Truck drivers using mobile devices for business and pleasure

“More truck drivers using mobile devices to do business and socialize.” Hmm, is it just me or is the first thought that comes to mind is “Aren’t they driving most of the time?! Socializing on the phone while driving?…” The thing is – no one will admit that this is the case, and maybe it’s not. However, I have a quite deep resentment towards people that text, email, or socialize on the phone while driving.

My sister had a quite serious accident with a driver that was texting and driving, and somehow “didn’t see the red light” when he went through my sister’s car. Thank God she was alright, but the engine (i.e. the whole front) of her car was nowhere to be found, together with some other vital parts. It could be that – an accident. But it could also be the fact that there is a rule we need to follow to protect other people – not just ourselves. 

I am pretty sure that’s what caused my extremely colorful verbal reaction towards a woman that did not stop at a stop sign while texting and almost ran straight into my car. Her reaction though was as if nothing happened! This is the most frightening thing – most people do not even realize how their actions can affect others fatally.

When you look at the statistics of how truck drivers’ usage of their mobile phones, apps, and email has increased over the past few years, the thought that comes to your mind might not be what came to mine. Probably you see it as something normal, right? A person using their phone to text and browse while at work – we all do it. However, what happens when your job is to drive all day long?

You could definitely explore the statistics below and feel happy for the telecommunication industry and the increase in customer usage. However, the main thing I feel after going through them is increasing fear while on the road. Fear that a truck with a heavy load, long braking distance, and several blind spots might have a driver that on top of all that is distracted by a mobile device.
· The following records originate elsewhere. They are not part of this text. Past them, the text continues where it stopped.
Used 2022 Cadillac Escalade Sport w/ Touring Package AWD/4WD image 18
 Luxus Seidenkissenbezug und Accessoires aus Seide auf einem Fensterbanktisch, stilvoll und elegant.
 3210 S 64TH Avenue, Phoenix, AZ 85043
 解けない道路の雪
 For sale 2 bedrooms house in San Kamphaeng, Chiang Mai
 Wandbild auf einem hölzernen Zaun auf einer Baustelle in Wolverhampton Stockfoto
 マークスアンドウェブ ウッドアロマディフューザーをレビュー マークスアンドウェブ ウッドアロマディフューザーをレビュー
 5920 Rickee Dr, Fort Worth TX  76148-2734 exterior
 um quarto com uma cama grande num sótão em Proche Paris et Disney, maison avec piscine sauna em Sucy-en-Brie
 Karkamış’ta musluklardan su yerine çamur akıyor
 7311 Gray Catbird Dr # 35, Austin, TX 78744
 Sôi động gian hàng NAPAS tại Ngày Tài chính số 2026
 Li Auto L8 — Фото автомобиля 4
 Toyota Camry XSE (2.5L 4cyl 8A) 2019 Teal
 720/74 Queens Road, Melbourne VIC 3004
uShip’s yearly mobile survey provides us with the following statistics based on their results from 2012:

  • 7 in 10 truck drivers are conducting more business via mobile devices than they did in 2011
  • More than half of the drivers say their phone already has or could replace their GPS device on the road
  • Nearly twice as many US truck drivers use Android phones over iPhones; 1 in 4 uses a basic feature phone
  • Over half of all drivers say the 2012 texting ban has not changed their behavior on the road
  • Text messaging (79%), Internet/email (65%), and camera (55%) rank as the most popular features
  • 26% now use their mobile device for social media, up from 13% in 2011 and 19% in 2010
  • 43% now use apps, a jump of 16% over 2011 and 10% over 2010
  • Nearly 1 in 2 (47%) are now more likely to buy a tablet for business, up from 1 in 4 (26%) in 2011

The usage of mobile phones has increased so much and has made our lives so much easier that over half of the drivers surveyed said that their phone has already or it could completely replace their Navigation System.

  • 53% use their mobile phone’s GPS feature more than (36%) or equal to (17%) their traditional GPS device
  • 47% say they’ll “never” give up their GPS device
  • 52% now use their mobile phone’s GPS feature — up 24% from 2011 and 22% from 2010

One thing that strikes me the most from the uShip’s finding is the fact that – over half of the drivers surveyed said that the new texting ban in 2012 did not make any difference in their behavior on the road. One might think they were simply not using their phones for texting while driving; hence the law did not affect them.

I surely want to believe this was true. I really hope this is true, honestly, but unfortunately, many people can attest they have seen truck drivers driving and talking or texting. So, is the problem the car education in the U.S. or is it human nature that makes drivers seek the need for communication? Or is it simply the accessibility modern technology lends to communication?

According to the Centers for Decease Control and Prevention (CDC), there are three main types of distraction:

  • Visual: taking your eyes off the road
  • Manual: taking your hands off the wheel
  • Cognitive: taking your mind off of driving

Using your phone for texting, browsing and/or emailing includes all three of the above-mentioned distractions.

According to CDC:

  • In 2012, 3,328 people perished in car accidents involving a distracted driver, compared to 3,360 in 2011. An additional 421,000 people received injuries in motor vehicle accidents involving a distracted driver in 2012, a 9% increase from the 387,000 people injured in 2011
  • In 2011, nearly one in five crashes (17%) in which someone was injured involved distracted driving
  • In December 2012, more than 171 billion text messages were sent or received in the US

Now let me ask you this – do you feel safe on the road?  Can you imagine being in an accident? Do you know what it takes to get comfortable on the road again after going through a car crash?

The car accidents statistics mentioned above are not specific to the truck industry. However, the impacts of a car accident caused by a distracted truck driver can be much worse than the ones caused by a distracted driver of a regular car. This is why there are additional (stricter) regulations for truck and bus drivers when it comes to using their mobile devices while on the road.

Understandably, while on the road and away from home the phone is one of the few ways that truck drivers use to keep in touch with their families and friends. However, they should keep in mind that they can do this only while they are off the road. Truckers are doing good simply by being truck drivers. They are bringing us the goods we need daily. They are sacrificing time with their families for this job, we know that. They are even fighting sex trafficking! They are heroes. Many of them are women! Not everybody can be a truck driver – it is a difficult job. But they are on the road to do it and they should be focused on what’s most important – driving.

What do you think about truck drivers increased usage of smartphones and other mobile devices? How about you, do YOU text and drive?